Ramsey Naja is CCO at JWT MEA
“For many people around the world – well, for the population equivalent of a medium-sized country, as it turns out – 17 September 2013 was a red-letter day. Why? Well, this last Tuesday marked the global launch of something called Grand Theft Auto 5, or GTA V for the initiated.
Now you may argue that I am making a meal out of nothing more than an extremely violent video game with the kind of sexual content that makes teenagers rub their hands with glee and puritans wring theirs in despair, but then you would be either obtuse, misguided or running for the US Senate.
GTA V is not just a game. Nor is it something to be taken lightly as such, either. In fact, many believe that it is the most significant cultural event of this decade. In a nutshell, GTA V creates a virtual environment that is so real, so complete and so immersive, it is hard to think that the make-believe life you make for yourself in it as a sex-obsessed criminal, will not have repercussions on the real one.
But what’s it got to do with advertising? Well, quite a lot. Chew over this: over its five franchises, GTA has managed to remain brand-free. In fact, it has all the brands a world that mirrors ours should have, but fake ones. And whilst other big-ticket titles have embraced in-game advertising with glee, GTA has not just eschewed them, it has poked so much fun at them it should carry a health warning for CMOs.

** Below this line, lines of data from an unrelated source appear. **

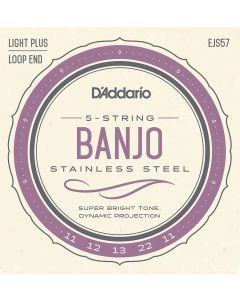 D'Addario EJS57 5-String Banjo Strings, Stainless Steel, Custom Medium, 11-22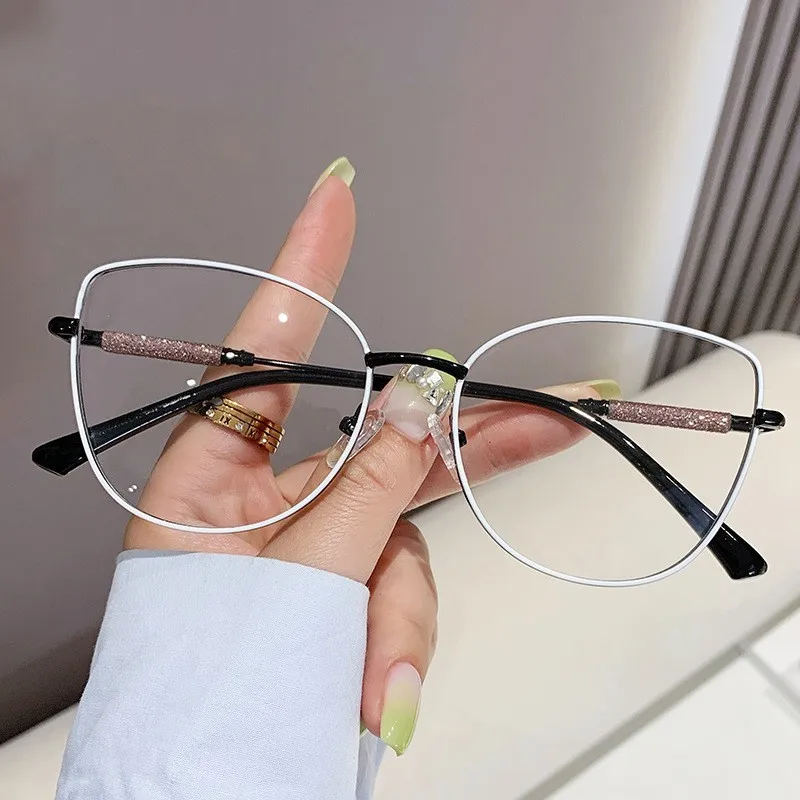 Eyeglasses Frame New Fashion Cat Eye Glasses Vegan Glasses Students Anti  Blue Light Myopia Glasses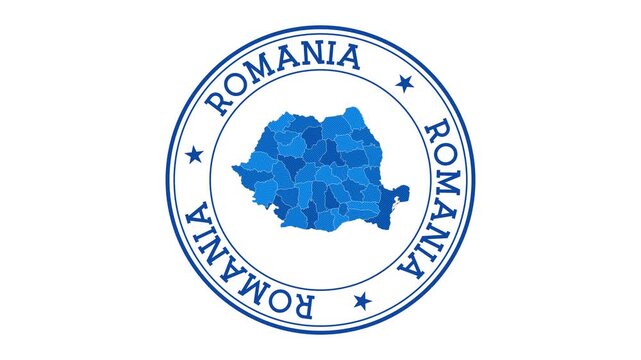 Romania intro. Badge with the circular name and map of the country. Romania round logo animation.
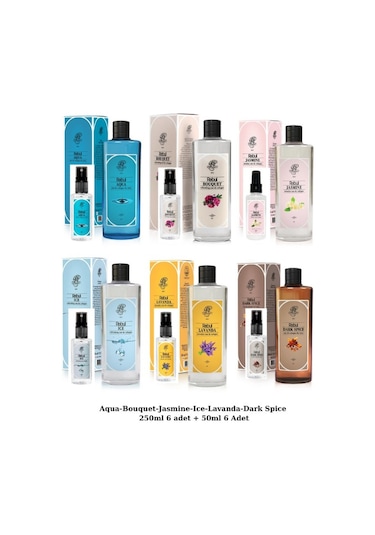 Rebul Aqua + Bouquet + Dark Spice + Jasmine + Ice + Lavanda Cam Şişe Kolonya 6 x 250 ML + Sprey Kolonya 6 x 50 ML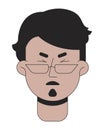 Arab eyeglasses man wincing in pain 2D linear vector avatar illustration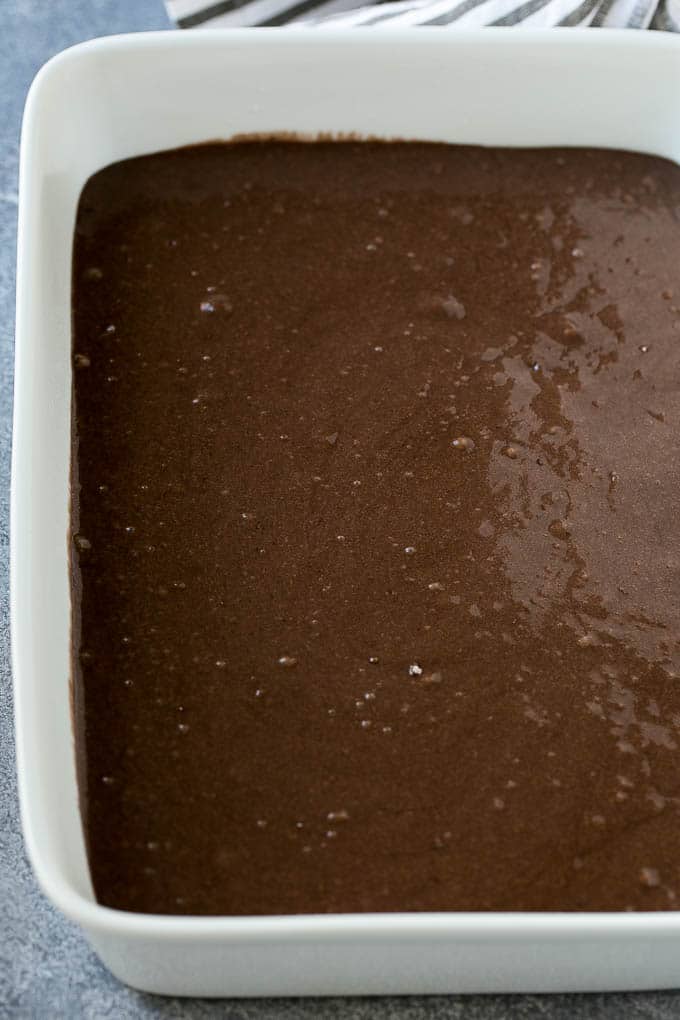Earthquake Cake Recipe | Chocolate Cake Recipe | Chocolate Coconut Cake | Coconut Pecan Cake #cake #chocolate #coconut #pecans #dessert #chocolatecake #dinneratthezoo Chocolate cake batter in a baking dish.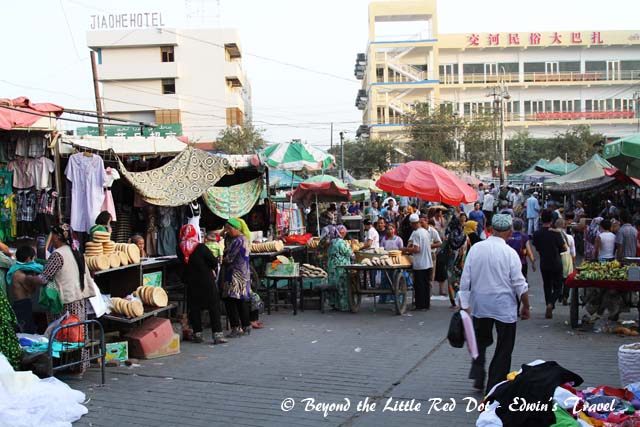 The local bazaar next to our hotel. Its only 8.30pm but the sky is still very bright. Due to the hot weather, business activity only starts after 7pm when it's cooler.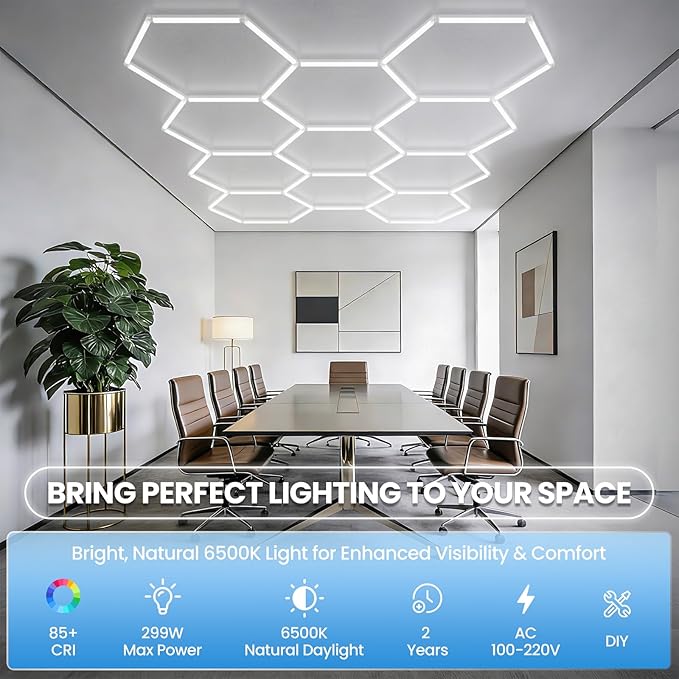 Hexagon Garage Lights Hexagon LED Lights 35880LM 6500K 299W Super Bright Honeycomb Lights Ceiling for Garage, Warehouse, Car Detailing Shop, Exhibition Hall, Gym (11 pack )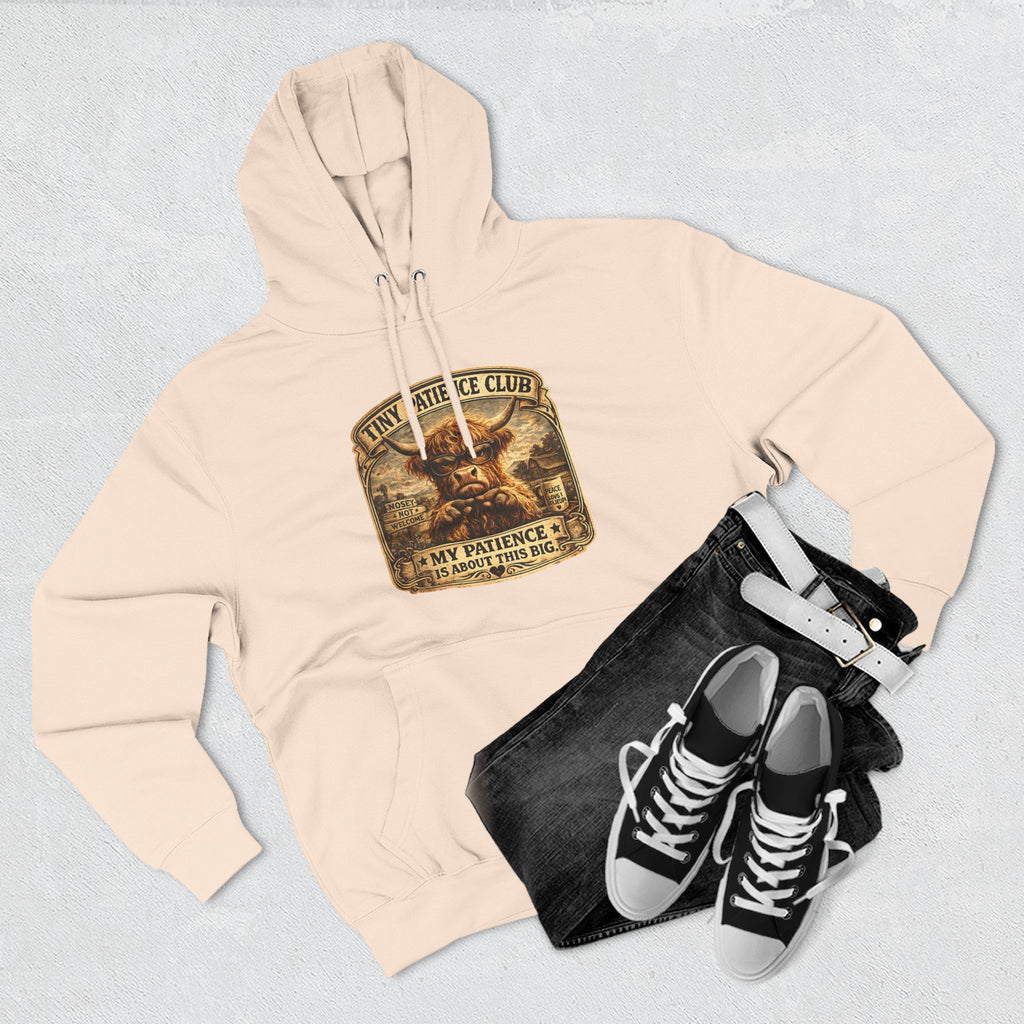 Tiny Patience Club Highland Cow Three-Panel Fleece Hoodie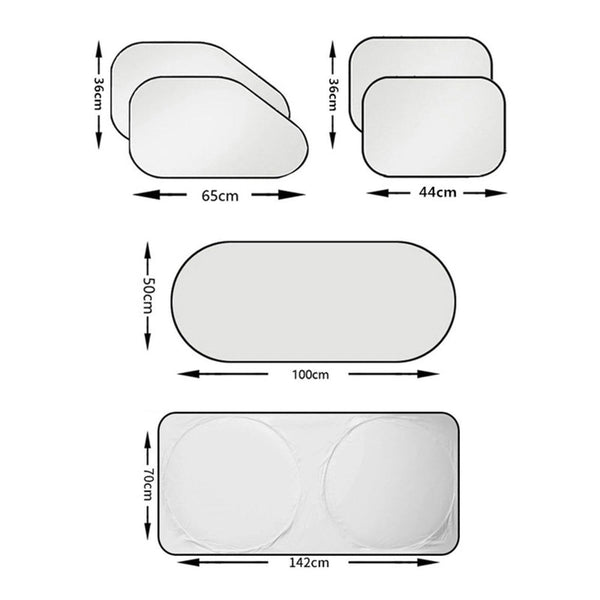 Set Of 6 Auto Front Rear Windshield Side Window Sun Shade Car Visor Cover Block Sun Visors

And the learning for advertising and advertisers? Well, when a product ships to an expected 20 million customers, and reels in a cool $1 billion, it can be one of two things: either we are talking of a superlative uber-product brilliant enough to carry itself without brand advertising (but with the help of some astonishingly controversial PR), or of the result of a spectacular integrated campaign. In fact, the global campaign featured only the logo, the words ‘release date’ and a few digits. 17.9.2013, to be precise.”